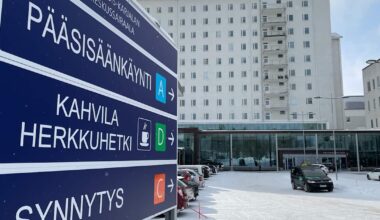 Pohjois-Karjalan hyvinvointialue irtisanoo jopa 130 työntekijää – yt-neuvottelut päättyivät | Pohjois-Karjala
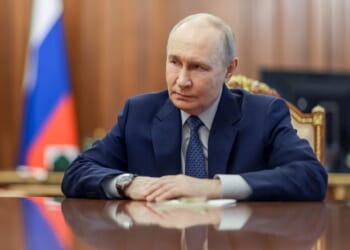 Russia Wins the War on Iran 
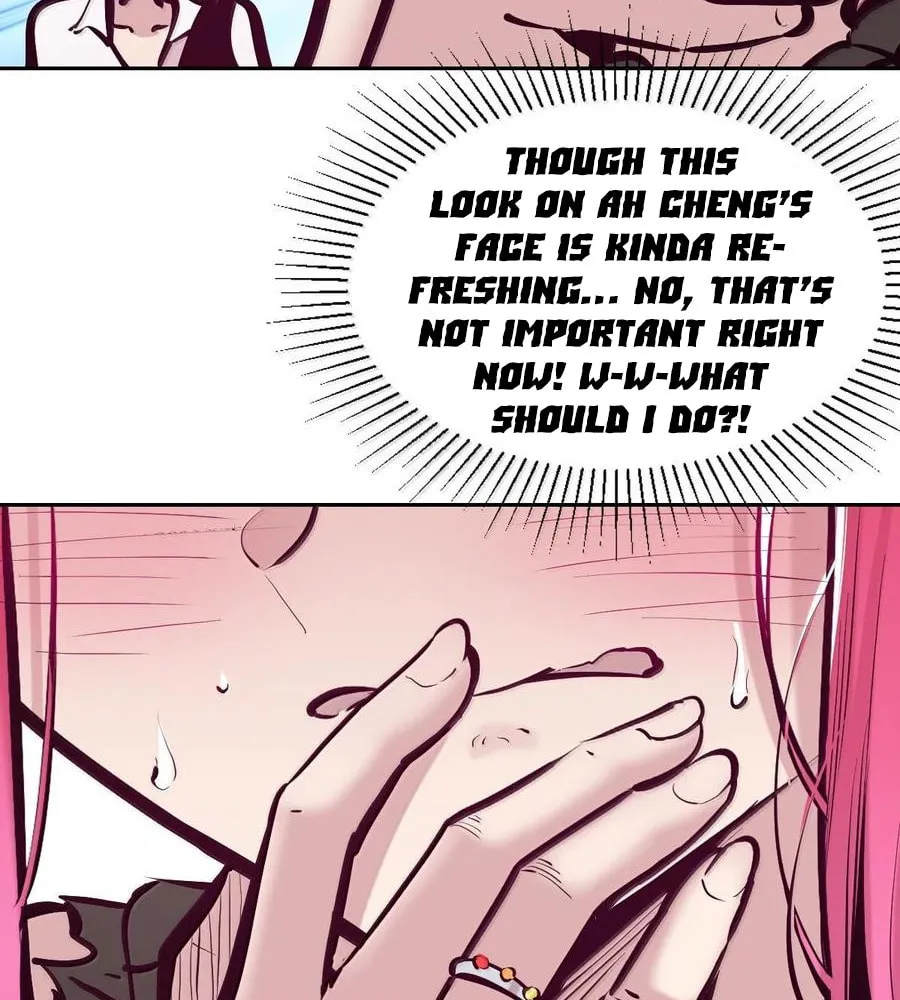 Demon X Angel, Can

● About this exercise: What you give back must match the material above exactly, minus its pictures.

● Your response:
 Pohjois-Karjalan hyvinvointialue irtisanoo jopa 130 työntekijää – yt-neuvottelut päättyivät | Pohjois-Karjala
 Russia Wins the War on Iran 
 Demon X Angel, Can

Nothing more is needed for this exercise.